Generic SPL framework
=====================

Overview
--------

To unify all existing implementations for a secondary program loader (SPL)
and to allow simply adding of new implementations this generic SPL framework
has been created. With this framework almost all source files for a board
can be reused. No code duplication or symlinking is necessary anymore.


How it works
------------

There is a new directory TOPDIR/spl which contains only a Makefile.
The object files are built separately for SPL and placed in this directory.
The final binaries which are generated are u-boot-spl, u-boot-spl.bin and
u-boot-spl.map.

During the SPL build a variable named CONFIG_SPL_BUILD is exported
in the make environment and also appended to CPPFLAGS with -DCONFIG_SPL_BUILD.
Source files can therefore be compiled for SPL with different settings.
ARM-based boards have previously used the option CONFIG_PRELOADER for it.

For example:

ifeq ($(CONFIG_SPL_BUILD),y)
COBJS-y += board_spl.o
else
COBJS-y += board.o
endif

COBJS-$(CONFIG_SPL_BUILD) += foo.o

#ifdef CONFIG_SPL_BUILD
	foo();
#endif


The building of SPL images can be with:

#define CONFIG_SPL

Because SPL images normally have a different text base, one has to be
configured by defining CONFIG_SPL_TEXT_BASE. The linker script has to be
defined with CONFIG_SPL_LDSCRIPT.

To support generic U-Boot libraries and drivers in the SPL binary one can
optionally define CONFIG_SPL_XXX_SUPPORT. Currently following options
are supported:

CONFIG_SPL_LIBCOMMON_SUPPORT (common/libcommon.o)
CONFIG_SPL_LIBDISK_SUPPORT (disk/libdisk.o)
CONFIG_SPL_I2C_SUPPORT (drivers/i2c/libi2c.o)
CONFIG_SPL_GPIO_SUPPORT (drivers/gpio/libgpio.o)
CONFIG_SPL_MMC_SUPPORT (drivers/mmc/libmmc.o)
CONFIG_SPL_SERIAL_SUPPORT (drivers/serial/libserial.o)
CONFIG_SPL_SPI_FLASH_SUPPORT (drivers/mtd/spi/libspi_flash.o)
CONFIG_SPL_SPI_SUPPORT (drivers/spi/libspi.o)
CONFIG_SPL_FAT_SUPPORT (fs/fat/libfat.o)
CONFIG_SPL_LIBGENERIC_SUPPORT (lib/libgeneric.o)
CONFIG_SPL_POWER_SUPPORT (drivers/power/libpower.o)
CONFIG_SPL_NAND_SUPPORT (drivers/mtd/nand/libnand.o)
CONFIG_SPL_DMA_SUPPORT (drivers/dma/libdma.o)
CONFIG_SPL_POST_MEM_SUPPORT (post/drivers/memory.o)
CONFIG_SPL_NAND_LOAD (drivers/mtd/nand/nand_spl_load.o)
CONFIG_SPL_SPI_LOAD (drivers/mtd/spi/spi_spl_load.o)
CONFIG_SPL_RAM_DEVICE (common/spl/spl.c)
CONFIG_SPL_WATCHDOG_SUPPORT (drivers/watchdog/libwatchdog.o)

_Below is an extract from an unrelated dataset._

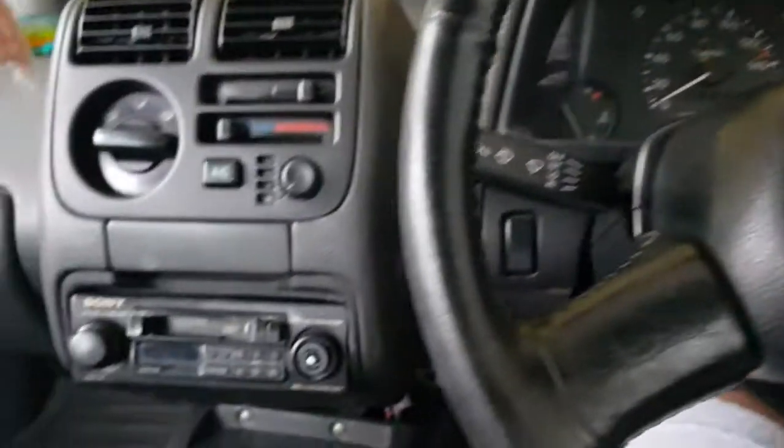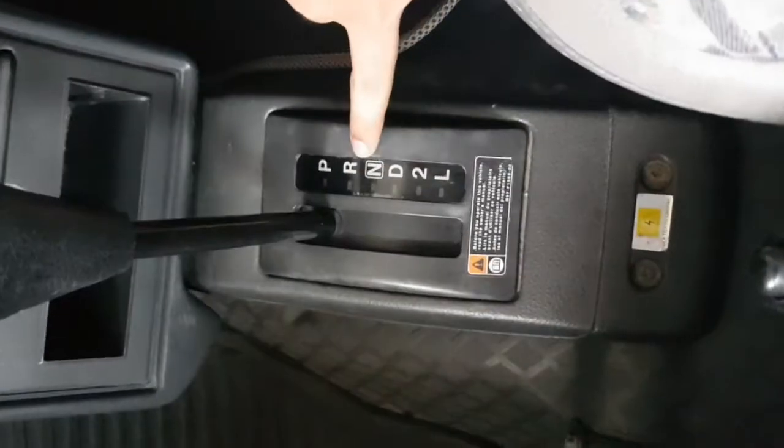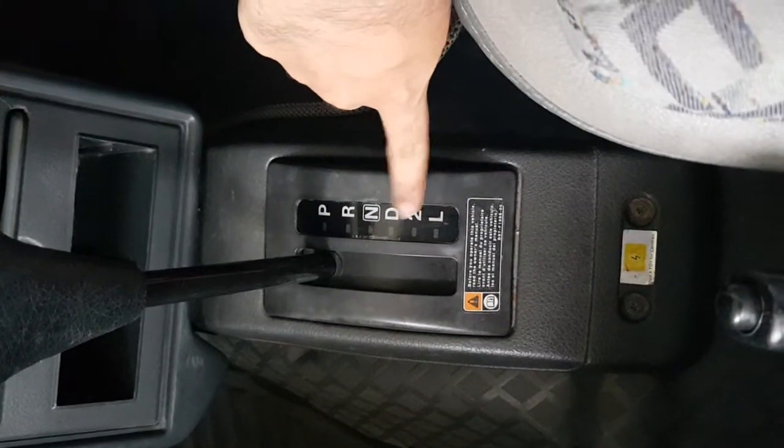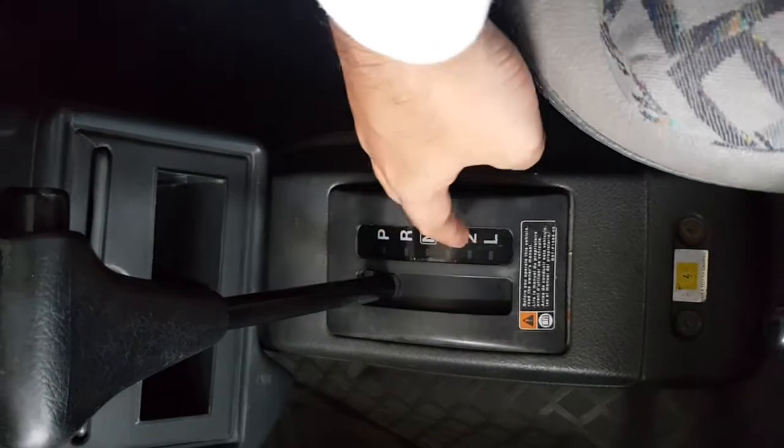This is an automatic car, 1997 model, probably one of the first generations of automatic cars in India. This car has three modes: Drive, 2, and Low — Low is nothing but first gear, and 2 is second gear. Drive is a combination of three gates, along with Parking, Reverse, and Neutral.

Normally CPU is assumed to be the same between the SPL and normal
u-boot build.  However it is possible to specify a different CPU for
the SPL build for cases where the SPL is expected to run on a
different CPU model from the main u-boot.  This is done by specifying
an SPL CPU in boards.cfg as follows:

	normal_cpu:spl_cpu

This case CPU will be set to "normal_cpu" during the main u-boot
build and "spl_cpu" during the SPL build.


Debugging
---------

When building SPL with DEBUG set you may also need to set CONFIG_PANIC_HANG
as in most cases do_reset is not defined within SPL.


Estimating stack usage
----------------------

With gcc 4.6 (and later) and the use of GNU cflow it is possible to estimate
stack usage at various points in run sequence of SPL.  The -fstack-usage option
to gcc will produce '.su' files (such as arch/arm/cpu/armv7/syslib.su) that
will give stack usage information and cflow can construct program flow.

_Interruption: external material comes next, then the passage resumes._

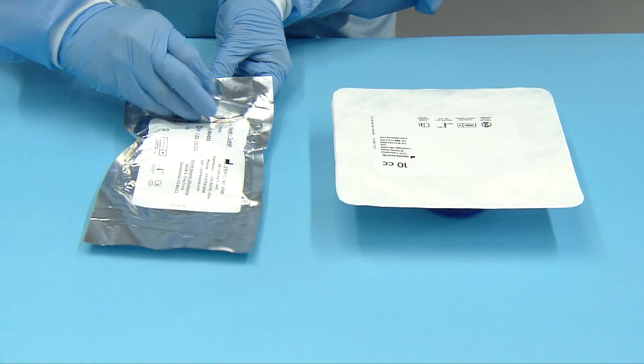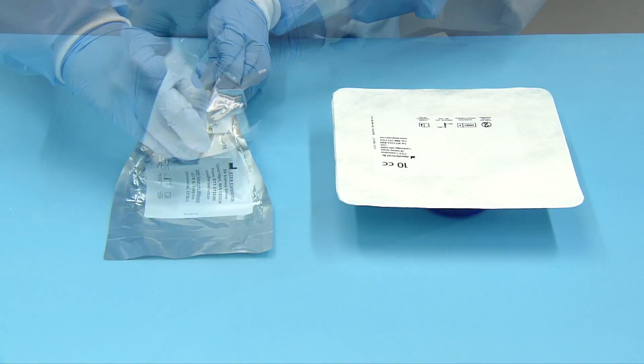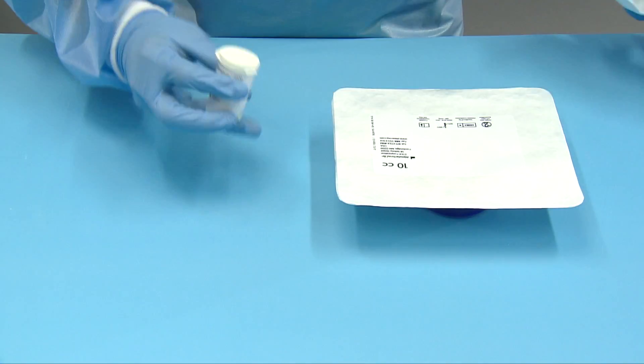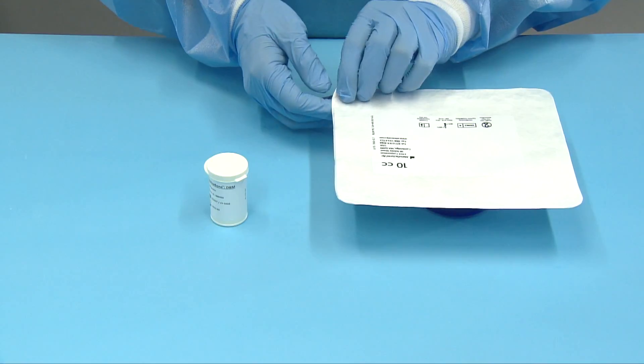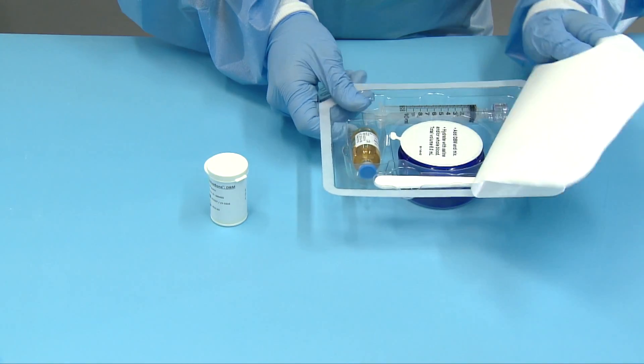Remove both the calcium phosphate pouch and the DBM pouch. Remove and peel the DBM into a sterile field. Open the carrier pouch and dispense all contents onto sterile field.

Must have gcc 4.6 or later, which supports -fstack-usage

1) Build normally
2) Perform the following shell command to generate a list of C files used in
SPL:
$ find spl -name '*.su' | sed -e 's:^spl/::' -e 's:[.]su$:.c:' > used-spl.list
3) Execute cflow:
$ cflow --main=board_init_r `cat used-spl.list` 2>&1 | $PAGER

cflow will spit out a number of warnings as it does not parse
the config files and picks functions based on #ifdef.  Parsing the '.i'
files instead introduces another set of headaches.  These warnings are
not usually important to understanding the flow, however.